Commentator: Dr. Pin Ling (凌斌 老師)         )       Place: Room 601

Abstract:

               The mitochondrial antiviral signaling (MAVS) is a mitochondrial outer membrane protein functioning as the adaptor protein of retinoic acid-inducible gene (RIG-I)-like receptors (RLRs). During virus infection, cytosolic viral RNA is recognized by RLRs, which then activates MAVS and recruits various signaling molecules to transduce downstream pathways by activating the transcription factors IRF and NF-κB. However, whether MAVS-mediated IRF and NF-κB activation can be regulated respectively upon virus infection still await (1, 2). Previously, the gamma herpesvirus proteins vGATs trigger RIG-I/MAVS signaling but selectively activate NF-κB and cast aside IRF (3). In this study, the authors found that RIG-I/MAVS-mediated interferon induction signaling can be downregulated by an endogenous MAVS variant of ~50 kDa (MAVS50). By lacking of the N-terminal caspase recruitment domain (CARD), MAVS50 selectively activates NF-κB but not IRF. In addition, MAVS50 physically interacts with full-length MAVS (MAVS70), and the competition among MAVS50, TRAF2 and TRAF6 to interact with MAVS70 results in the inhibition of MAVS70-dependent NF-κB and IRF activation. In short, the oligomers containing MAVS70 and MAVS50 selectively activate NF-κB but not IRF-IFN signaling. Furthermore, MAVS50 mutants that ablating TRAF-binding ability failed to inhibit IFNb gene expression in response to SeV infection, and could not promote VSV replication.
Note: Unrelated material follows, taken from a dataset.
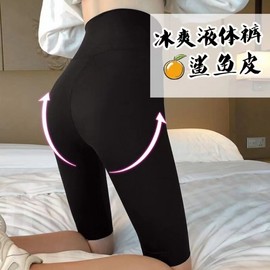 Women's Yoga Shorts Leggings - Tight Slimming Shark-Style 5-Point Pants 5-Point Sun Gray + M 5ea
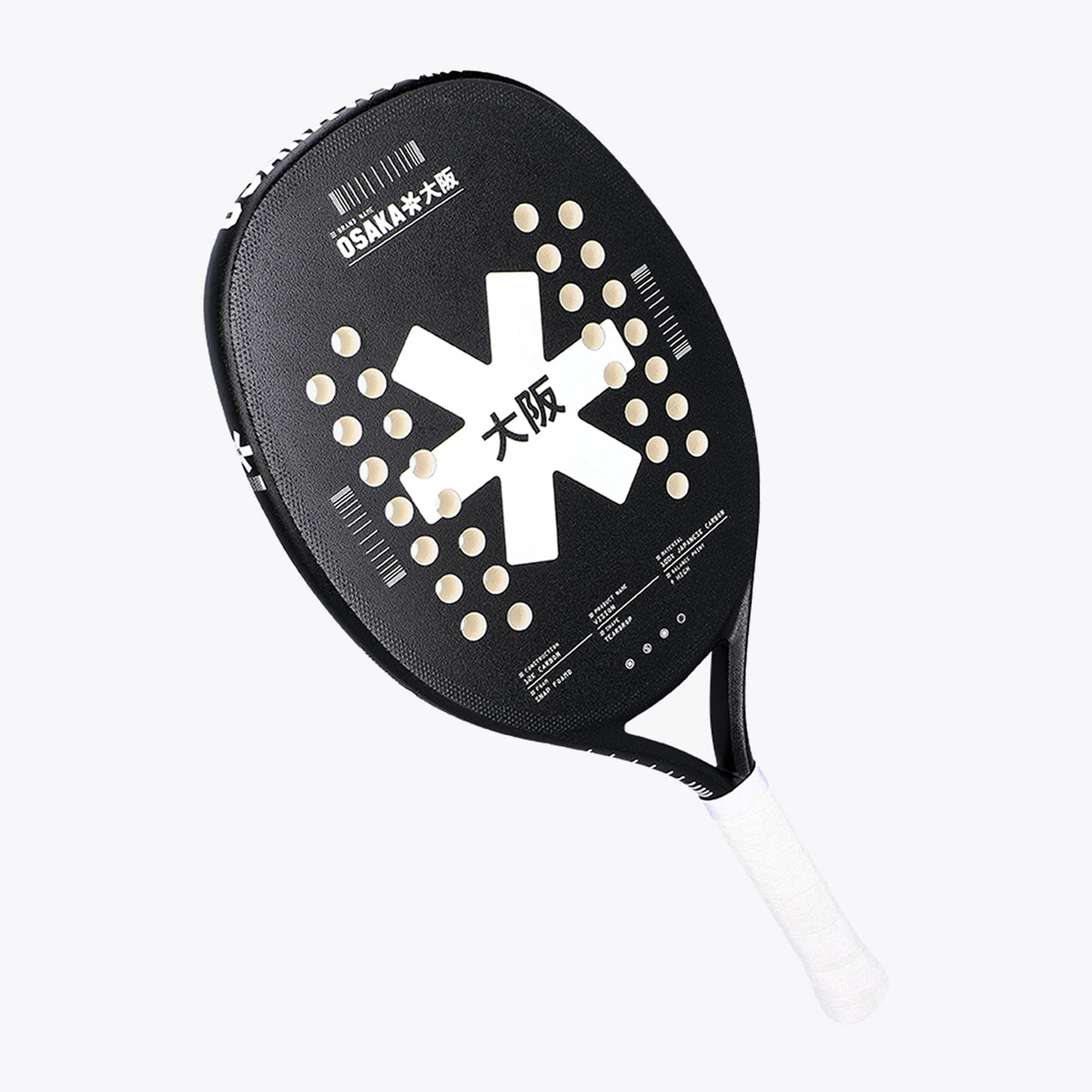USA B2C OSAKA WORLD - Beach Tennis Racket - Vision - White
In summary, this study provides an important insight in the mechanism of selective innate immune activation by a truncated protein and it could be a target for antiviral therapy.

References:

1.     Feng P, Moses A, Früh K. 2013. Evasion of adaptive and innate immune response mechanisms by γ-herpesviruses. Current opinion in virology 3:285-295.

2.     Hiscott J, Nguyen TLA, Arguello M, Nakhaei P, Paz S. 2006. Manipulation of the nuclear factor-kappaB pathway and the innate immune response by viruses. Oncogene 25:6844-6867.

3.     Kolakofsky D, Garcin D. 2015. γHV68 vGAT: A Viral Pseudoenzyme Pimping for PAMPs. Molecular Cell 58:3-4.